# Work to be completed
Within the records that follow, restate exactly the lines from the line with "Which property is" down to the line with "Making Strategy and Organization Compatible", including both. Omit the pictures.

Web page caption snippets
= = = = =

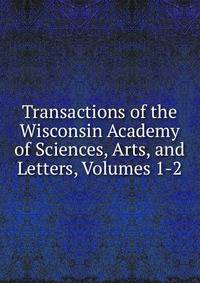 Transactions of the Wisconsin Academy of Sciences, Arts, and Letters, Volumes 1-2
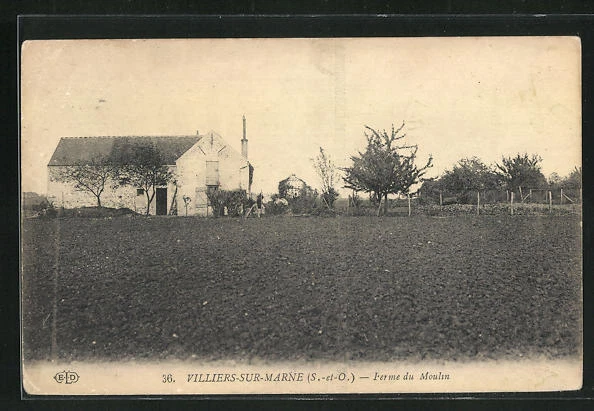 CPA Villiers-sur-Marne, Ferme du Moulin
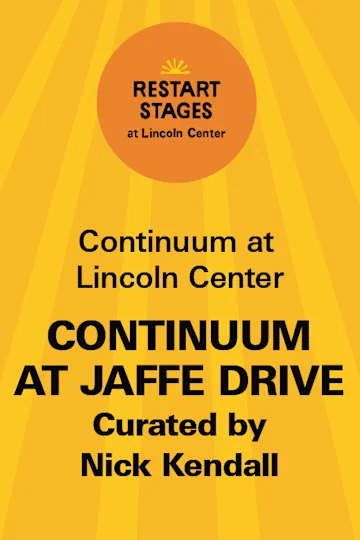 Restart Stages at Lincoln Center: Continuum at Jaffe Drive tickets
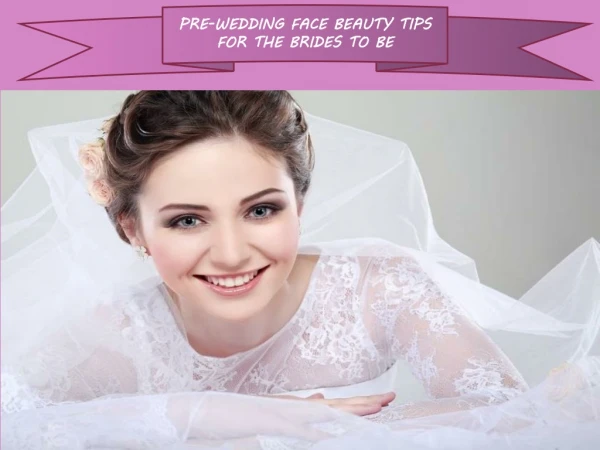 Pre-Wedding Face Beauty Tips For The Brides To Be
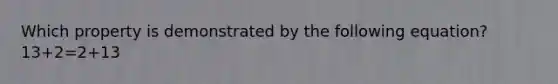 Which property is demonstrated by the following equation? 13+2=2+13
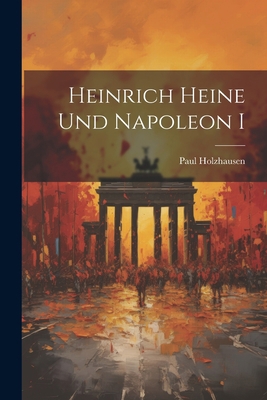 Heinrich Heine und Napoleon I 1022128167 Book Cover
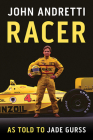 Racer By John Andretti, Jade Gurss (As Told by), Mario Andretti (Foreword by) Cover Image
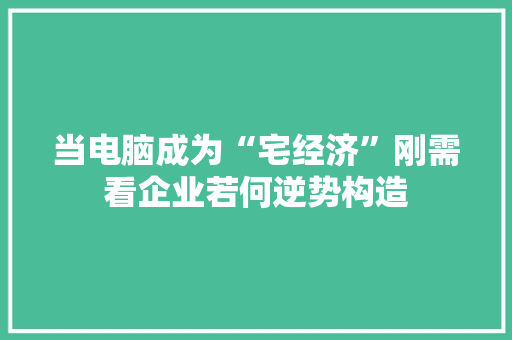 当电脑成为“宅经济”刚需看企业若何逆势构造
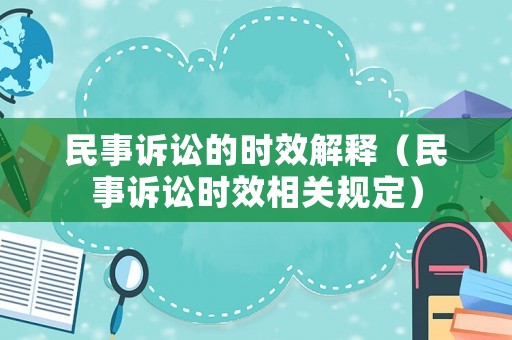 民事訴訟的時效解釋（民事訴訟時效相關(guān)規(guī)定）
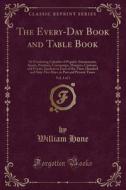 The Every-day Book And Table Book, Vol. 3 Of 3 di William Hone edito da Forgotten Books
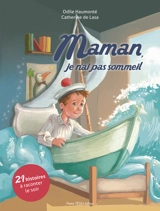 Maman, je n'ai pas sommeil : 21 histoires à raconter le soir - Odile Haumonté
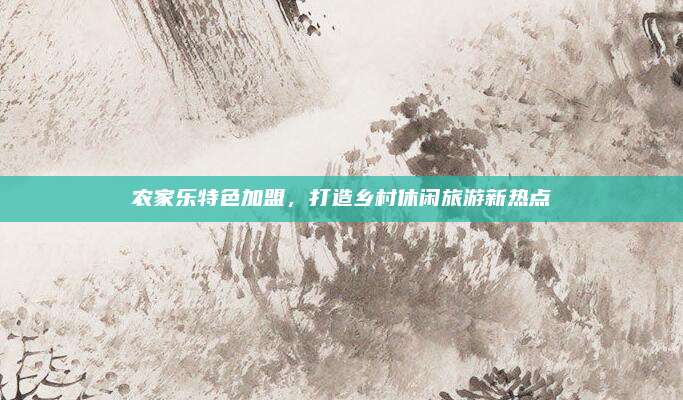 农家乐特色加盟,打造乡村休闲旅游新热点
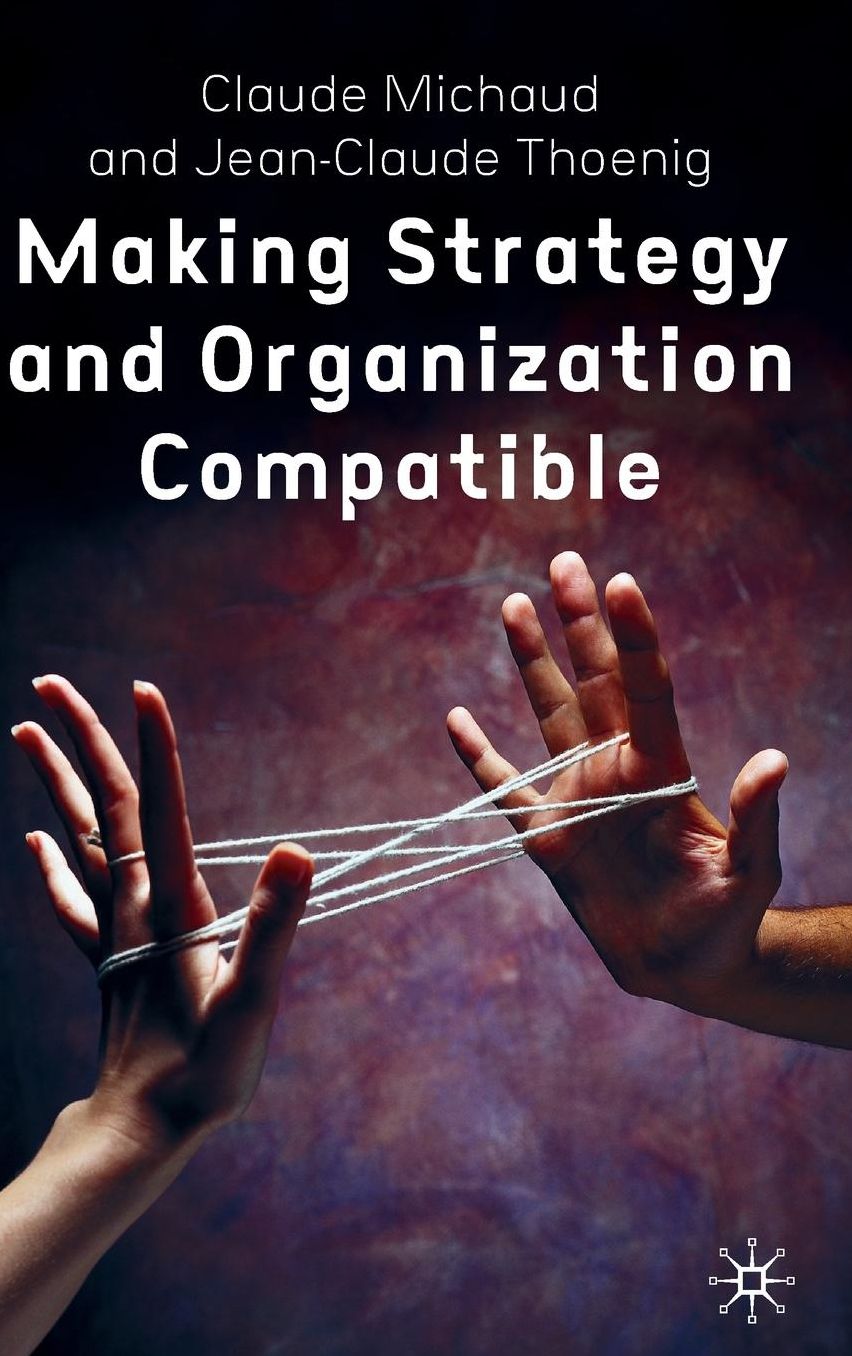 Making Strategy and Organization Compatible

= = = = =

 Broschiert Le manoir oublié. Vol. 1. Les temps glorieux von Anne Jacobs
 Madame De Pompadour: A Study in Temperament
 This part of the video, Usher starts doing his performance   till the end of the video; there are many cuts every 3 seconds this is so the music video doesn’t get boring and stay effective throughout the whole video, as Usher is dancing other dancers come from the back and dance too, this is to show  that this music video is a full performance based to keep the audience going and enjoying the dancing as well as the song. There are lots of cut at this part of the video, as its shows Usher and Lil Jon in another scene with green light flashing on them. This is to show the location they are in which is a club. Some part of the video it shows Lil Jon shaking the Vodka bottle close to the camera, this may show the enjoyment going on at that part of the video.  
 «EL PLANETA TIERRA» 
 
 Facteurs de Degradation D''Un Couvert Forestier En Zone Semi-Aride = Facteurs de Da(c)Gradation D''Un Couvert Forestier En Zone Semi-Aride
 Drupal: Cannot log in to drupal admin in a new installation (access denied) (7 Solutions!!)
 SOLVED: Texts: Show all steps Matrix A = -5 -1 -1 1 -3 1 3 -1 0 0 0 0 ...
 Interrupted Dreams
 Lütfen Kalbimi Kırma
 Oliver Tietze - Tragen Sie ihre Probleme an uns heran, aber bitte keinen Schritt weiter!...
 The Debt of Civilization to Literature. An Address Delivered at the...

= = = = =

# Task response
 Which property is demonstrated by the following equation? 13+2=2+13
 Heinrich Heine und Napoleon I 1022128167 Book Cover
 Racer By John Andretti, Jade Gurss (As Told by), Mario Andretti (Foreword by) Cover Image
 当电脑成为“宅经济”刚需看企业若何逆势构造
 民事訴訟的時效解釋（民事訴訟時效相關(guān)規(guī)定）
 The Every-day Book And Table Book, Vol. 3 Of 3 di William Hone edito da Forgotten Books
 Maman, je n'ai pas sommeil : 21 histoires à raconter le soir - Odile Haumonté
 农家乐特色加盟,打造乡村休闲旅游新热点
 Making Strategy and Organization Compatible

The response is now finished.